Duodenal perforation is a rare but potentially life-threatening condition with a mortality rate ranging from 8% to 25% in published literature. Perforations of the third part of the duodenum (D3) are particularly uncommon, presenting unique diagnostic and management challenges. While most duodenal perforations result from peptic ulcer disease, trauma, or iatrogenic causes, they typically manifest as acute peritonitis requiring prompt surgical intervention. A 92-year-old male presented to the emergency department with diffuse abdominal pain and distension persisting for five days.
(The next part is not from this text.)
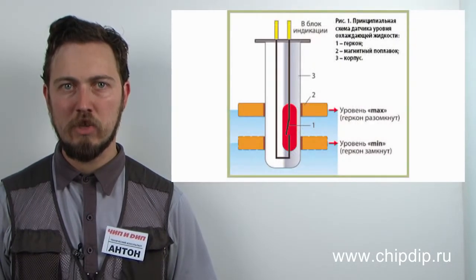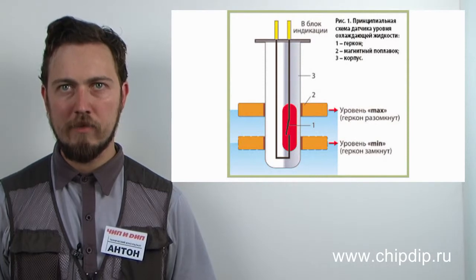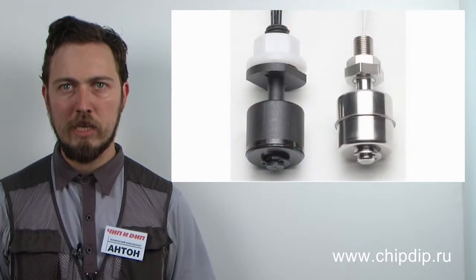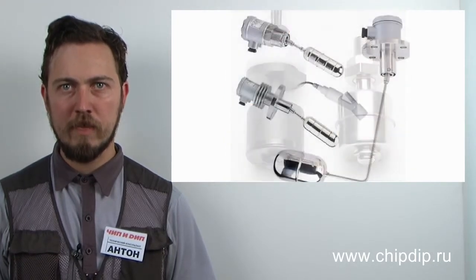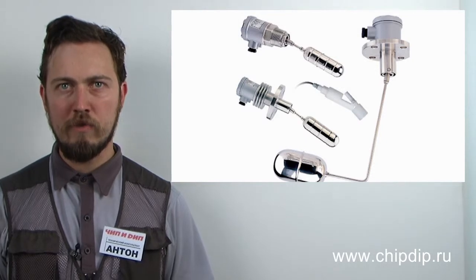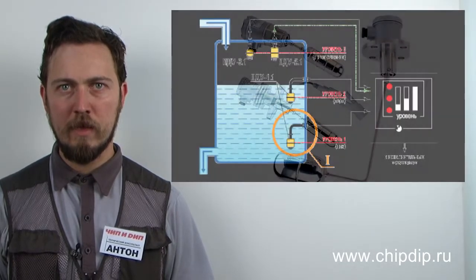Sensors have portable cases and are convenient in installation and operation. The sensor case material is resistant to chemically aggressive environments, high pressure, and high operating temperatures. Sensors are produced in both horizontal and vertical versions. Depending on the type of liquid, different materials are used in production of level sensors.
Clinical examination revealed the patient to be in septic shock. Abdominal computed tomography (CT) demonstrated minimal loculated free fluid in the abdomen and pelvis suggestive of ascites, diffuse mesenteric and omental fat stranding, and a 3.8 mm defect in the anterior wall of the third part of the duodenum with adjacent free air foci, confirming perforation. Additional tiny air foci were noted in the right lumbar omentum, consistent with pneumoperitoneum. This case highlights the critical importance of early suspicion and prompt investigation in cases of duodenal perforation, especially when involving the less common third segment. Delayed presentation, as in this elderly patient arriving five days after symptom onset, significantly increases morbidity and mortality risks. Management of such cases requires a multidisciplinary approach, with treatment strategies tailored to the patient's clinical status, perforation size, and degree of contamination. This rare case provides valuable insights into the diagnostic approach and management considerations for D3 perforations in elderly patients presenting with advanced complications.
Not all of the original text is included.